* Task prompt: Once the line with "Sisley Paris Phyto" is found in the entries below, repeat it and each following line exactly, up to and including the line with "-Waterfall瀑布湾优健源(华侨城店)". Add no other lines.

*** Task material Section Begins ***

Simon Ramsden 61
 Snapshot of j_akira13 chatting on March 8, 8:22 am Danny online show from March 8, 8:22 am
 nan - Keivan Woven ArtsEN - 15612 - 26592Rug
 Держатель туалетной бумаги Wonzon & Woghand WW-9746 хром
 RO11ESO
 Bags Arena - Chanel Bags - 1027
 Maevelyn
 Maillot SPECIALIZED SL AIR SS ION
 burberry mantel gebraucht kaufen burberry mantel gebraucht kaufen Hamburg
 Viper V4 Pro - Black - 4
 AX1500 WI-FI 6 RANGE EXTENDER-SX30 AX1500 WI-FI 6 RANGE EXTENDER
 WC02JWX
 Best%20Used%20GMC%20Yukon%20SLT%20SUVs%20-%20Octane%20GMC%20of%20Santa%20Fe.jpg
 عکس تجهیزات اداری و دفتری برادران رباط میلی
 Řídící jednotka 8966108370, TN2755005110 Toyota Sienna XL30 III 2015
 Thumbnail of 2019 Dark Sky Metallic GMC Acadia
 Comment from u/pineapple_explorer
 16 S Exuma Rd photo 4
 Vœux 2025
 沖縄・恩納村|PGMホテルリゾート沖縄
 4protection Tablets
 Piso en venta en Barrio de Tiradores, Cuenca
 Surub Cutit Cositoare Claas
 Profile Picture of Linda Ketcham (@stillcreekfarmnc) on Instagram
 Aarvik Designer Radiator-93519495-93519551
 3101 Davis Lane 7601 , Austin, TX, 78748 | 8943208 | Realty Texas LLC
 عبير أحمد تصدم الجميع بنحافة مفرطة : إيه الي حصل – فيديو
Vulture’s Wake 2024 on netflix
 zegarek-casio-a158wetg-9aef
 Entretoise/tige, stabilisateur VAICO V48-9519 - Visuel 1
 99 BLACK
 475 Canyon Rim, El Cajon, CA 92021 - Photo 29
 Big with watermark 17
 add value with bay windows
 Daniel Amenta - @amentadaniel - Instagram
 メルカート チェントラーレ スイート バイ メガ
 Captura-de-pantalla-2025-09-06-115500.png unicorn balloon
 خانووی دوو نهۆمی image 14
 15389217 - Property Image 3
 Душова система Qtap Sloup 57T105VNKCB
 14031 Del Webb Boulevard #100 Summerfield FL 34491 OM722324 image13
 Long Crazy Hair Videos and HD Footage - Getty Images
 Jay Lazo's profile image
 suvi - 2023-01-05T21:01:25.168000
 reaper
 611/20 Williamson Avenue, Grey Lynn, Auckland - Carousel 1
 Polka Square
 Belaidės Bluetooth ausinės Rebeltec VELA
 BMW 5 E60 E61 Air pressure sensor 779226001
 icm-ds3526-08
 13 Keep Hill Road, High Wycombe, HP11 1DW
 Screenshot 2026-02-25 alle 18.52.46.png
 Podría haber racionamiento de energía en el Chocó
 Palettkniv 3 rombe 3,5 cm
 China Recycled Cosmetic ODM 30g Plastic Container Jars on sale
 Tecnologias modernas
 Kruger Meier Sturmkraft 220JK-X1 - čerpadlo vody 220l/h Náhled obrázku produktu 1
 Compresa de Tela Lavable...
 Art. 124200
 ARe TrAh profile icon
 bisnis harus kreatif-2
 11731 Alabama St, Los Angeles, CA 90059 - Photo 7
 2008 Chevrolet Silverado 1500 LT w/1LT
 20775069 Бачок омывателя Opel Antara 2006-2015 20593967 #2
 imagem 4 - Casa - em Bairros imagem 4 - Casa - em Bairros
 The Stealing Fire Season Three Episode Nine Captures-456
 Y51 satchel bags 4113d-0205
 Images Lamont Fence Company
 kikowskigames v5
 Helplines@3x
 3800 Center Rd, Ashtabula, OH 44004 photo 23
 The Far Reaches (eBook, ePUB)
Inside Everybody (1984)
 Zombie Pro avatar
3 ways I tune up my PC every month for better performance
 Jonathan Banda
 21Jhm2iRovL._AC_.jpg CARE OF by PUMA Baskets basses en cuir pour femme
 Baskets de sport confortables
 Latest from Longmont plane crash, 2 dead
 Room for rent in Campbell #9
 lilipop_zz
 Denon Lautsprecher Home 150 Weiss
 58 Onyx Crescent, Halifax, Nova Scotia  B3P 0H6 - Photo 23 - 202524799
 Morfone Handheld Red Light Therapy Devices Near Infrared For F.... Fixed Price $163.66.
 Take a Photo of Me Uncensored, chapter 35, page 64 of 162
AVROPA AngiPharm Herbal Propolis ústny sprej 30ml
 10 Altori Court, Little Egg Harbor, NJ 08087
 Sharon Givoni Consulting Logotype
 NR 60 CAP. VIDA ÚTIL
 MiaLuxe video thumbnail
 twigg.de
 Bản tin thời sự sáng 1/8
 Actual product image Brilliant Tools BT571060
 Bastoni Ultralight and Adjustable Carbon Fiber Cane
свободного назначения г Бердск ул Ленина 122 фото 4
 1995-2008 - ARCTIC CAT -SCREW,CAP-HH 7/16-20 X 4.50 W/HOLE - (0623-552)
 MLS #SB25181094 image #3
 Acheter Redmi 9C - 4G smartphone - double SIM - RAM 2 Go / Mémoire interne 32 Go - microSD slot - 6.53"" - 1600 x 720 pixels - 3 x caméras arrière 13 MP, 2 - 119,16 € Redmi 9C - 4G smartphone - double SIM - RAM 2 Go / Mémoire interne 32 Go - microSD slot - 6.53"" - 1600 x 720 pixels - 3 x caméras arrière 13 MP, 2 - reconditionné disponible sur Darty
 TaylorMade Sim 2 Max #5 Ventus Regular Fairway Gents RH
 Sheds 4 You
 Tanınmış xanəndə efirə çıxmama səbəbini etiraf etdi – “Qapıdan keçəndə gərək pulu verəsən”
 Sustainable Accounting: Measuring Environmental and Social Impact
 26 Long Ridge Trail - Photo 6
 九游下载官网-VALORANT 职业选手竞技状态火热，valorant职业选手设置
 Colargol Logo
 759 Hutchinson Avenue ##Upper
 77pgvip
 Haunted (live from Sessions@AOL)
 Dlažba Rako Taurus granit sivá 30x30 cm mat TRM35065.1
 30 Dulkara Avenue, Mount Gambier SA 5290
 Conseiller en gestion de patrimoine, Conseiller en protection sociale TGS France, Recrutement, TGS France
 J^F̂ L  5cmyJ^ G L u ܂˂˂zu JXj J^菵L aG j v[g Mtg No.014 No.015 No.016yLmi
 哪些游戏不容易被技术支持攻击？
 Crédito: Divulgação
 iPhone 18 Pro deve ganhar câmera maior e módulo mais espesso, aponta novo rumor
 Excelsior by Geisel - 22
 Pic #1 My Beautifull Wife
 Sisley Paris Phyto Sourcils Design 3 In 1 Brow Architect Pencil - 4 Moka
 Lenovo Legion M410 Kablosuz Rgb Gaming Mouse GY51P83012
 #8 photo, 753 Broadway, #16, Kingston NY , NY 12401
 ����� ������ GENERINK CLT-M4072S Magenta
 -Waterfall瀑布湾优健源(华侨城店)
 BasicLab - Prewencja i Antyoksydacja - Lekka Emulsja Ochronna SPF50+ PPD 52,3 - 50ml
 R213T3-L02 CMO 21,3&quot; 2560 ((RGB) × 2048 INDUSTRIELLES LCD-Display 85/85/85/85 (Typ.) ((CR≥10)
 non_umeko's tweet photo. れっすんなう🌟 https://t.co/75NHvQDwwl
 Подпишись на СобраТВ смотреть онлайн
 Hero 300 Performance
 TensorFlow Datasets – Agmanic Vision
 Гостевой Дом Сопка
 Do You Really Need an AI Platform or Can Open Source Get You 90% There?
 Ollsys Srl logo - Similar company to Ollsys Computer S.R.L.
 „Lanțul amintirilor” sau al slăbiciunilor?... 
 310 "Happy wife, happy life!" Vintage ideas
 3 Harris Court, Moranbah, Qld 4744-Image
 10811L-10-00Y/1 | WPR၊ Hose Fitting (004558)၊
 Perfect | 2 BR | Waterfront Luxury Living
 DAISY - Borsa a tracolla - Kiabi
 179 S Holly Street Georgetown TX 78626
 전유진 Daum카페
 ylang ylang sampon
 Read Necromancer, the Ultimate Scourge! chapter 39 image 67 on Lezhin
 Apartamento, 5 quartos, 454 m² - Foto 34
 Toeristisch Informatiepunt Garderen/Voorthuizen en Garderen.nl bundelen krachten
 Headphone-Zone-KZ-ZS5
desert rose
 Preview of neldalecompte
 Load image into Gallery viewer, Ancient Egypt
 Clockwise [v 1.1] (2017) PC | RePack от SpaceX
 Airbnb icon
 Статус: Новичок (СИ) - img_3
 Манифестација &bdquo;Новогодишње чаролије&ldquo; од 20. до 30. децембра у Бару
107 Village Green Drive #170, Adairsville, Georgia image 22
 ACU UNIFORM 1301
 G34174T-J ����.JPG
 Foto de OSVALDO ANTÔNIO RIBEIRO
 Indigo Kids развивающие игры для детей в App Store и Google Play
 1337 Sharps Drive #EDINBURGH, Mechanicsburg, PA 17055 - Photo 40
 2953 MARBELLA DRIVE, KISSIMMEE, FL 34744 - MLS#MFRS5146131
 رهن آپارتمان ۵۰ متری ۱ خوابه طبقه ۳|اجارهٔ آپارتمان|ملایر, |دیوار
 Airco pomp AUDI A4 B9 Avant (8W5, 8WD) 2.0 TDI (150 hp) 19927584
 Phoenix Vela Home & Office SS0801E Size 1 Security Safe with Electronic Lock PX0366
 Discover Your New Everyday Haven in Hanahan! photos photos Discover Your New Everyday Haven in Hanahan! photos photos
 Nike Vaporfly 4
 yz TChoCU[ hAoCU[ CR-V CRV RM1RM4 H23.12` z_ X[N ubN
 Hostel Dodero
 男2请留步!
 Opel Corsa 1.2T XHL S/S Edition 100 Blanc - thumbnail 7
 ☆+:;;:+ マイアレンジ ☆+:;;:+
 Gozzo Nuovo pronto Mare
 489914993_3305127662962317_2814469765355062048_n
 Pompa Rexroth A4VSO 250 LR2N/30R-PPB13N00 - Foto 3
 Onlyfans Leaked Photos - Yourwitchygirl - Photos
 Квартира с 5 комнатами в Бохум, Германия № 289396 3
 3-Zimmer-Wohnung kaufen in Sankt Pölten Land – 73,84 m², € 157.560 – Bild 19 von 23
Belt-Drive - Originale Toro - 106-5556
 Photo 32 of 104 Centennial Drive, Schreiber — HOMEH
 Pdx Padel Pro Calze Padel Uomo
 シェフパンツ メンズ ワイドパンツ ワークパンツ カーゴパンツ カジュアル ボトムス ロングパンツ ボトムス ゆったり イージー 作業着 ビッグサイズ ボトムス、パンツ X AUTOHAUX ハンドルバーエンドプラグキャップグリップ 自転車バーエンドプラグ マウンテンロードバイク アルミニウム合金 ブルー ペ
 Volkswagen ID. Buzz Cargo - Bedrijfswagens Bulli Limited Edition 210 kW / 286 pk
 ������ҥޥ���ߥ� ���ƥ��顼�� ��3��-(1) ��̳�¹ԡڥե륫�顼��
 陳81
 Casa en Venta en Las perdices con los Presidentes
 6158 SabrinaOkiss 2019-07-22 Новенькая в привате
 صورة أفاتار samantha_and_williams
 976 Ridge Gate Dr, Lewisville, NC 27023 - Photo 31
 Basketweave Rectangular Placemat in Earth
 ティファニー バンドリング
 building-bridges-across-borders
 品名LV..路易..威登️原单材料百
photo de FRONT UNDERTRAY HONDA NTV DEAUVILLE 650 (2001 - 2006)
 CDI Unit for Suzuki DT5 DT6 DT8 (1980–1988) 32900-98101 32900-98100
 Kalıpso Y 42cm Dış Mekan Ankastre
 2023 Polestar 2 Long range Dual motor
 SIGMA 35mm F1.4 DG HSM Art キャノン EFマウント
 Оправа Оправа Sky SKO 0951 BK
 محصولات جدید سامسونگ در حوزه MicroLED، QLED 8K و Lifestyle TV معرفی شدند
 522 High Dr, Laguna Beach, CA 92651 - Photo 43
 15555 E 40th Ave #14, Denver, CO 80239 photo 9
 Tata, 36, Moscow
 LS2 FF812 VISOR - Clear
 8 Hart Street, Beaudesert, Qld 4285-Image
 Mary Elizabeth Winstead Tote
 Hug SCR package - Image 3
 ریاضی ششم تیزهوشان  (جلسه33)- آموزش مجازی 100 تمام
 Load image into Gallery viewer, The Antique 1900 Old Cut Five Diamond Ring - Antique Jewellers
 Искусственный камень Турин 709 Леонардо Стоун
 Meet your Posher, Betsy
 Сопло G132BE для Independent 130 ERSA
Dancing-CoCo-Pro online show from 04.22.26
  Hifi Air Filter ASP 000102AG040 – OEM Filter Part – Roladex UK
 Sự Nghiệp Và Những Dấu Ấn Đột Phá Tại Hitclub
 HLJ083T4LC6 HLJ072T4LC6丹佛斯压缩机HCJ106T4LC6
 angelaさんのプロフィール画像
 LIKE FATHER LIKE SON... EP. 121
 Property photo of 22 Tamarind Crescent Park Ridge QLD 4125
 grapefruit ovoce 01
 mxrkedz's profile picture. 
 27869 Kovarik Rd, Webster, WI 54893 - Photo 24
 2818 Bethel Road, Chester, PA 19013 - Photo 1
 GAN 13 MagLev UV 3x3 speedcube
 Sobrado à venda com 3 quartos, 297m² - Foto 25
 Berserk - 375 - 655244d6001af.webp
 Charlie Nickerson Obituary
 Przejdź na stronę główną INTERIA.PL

*** Task material Section Ends ***

* Result of the exercise:
 Sisley Paris Phyto Sourcils Design 3 In 1 Brow Architect Pencil - 4 Moka
 Lenovo Legion M410 Kablosuz Rgb Gaming Mouse GY51P83012
 #8 photo, 753 Broadway, #16, Kingston NY , NY 12401
 ����� ������ GENERINK CLT-M4072S Magenta
 -Waterfall瀑布湾优健源(华侨城店)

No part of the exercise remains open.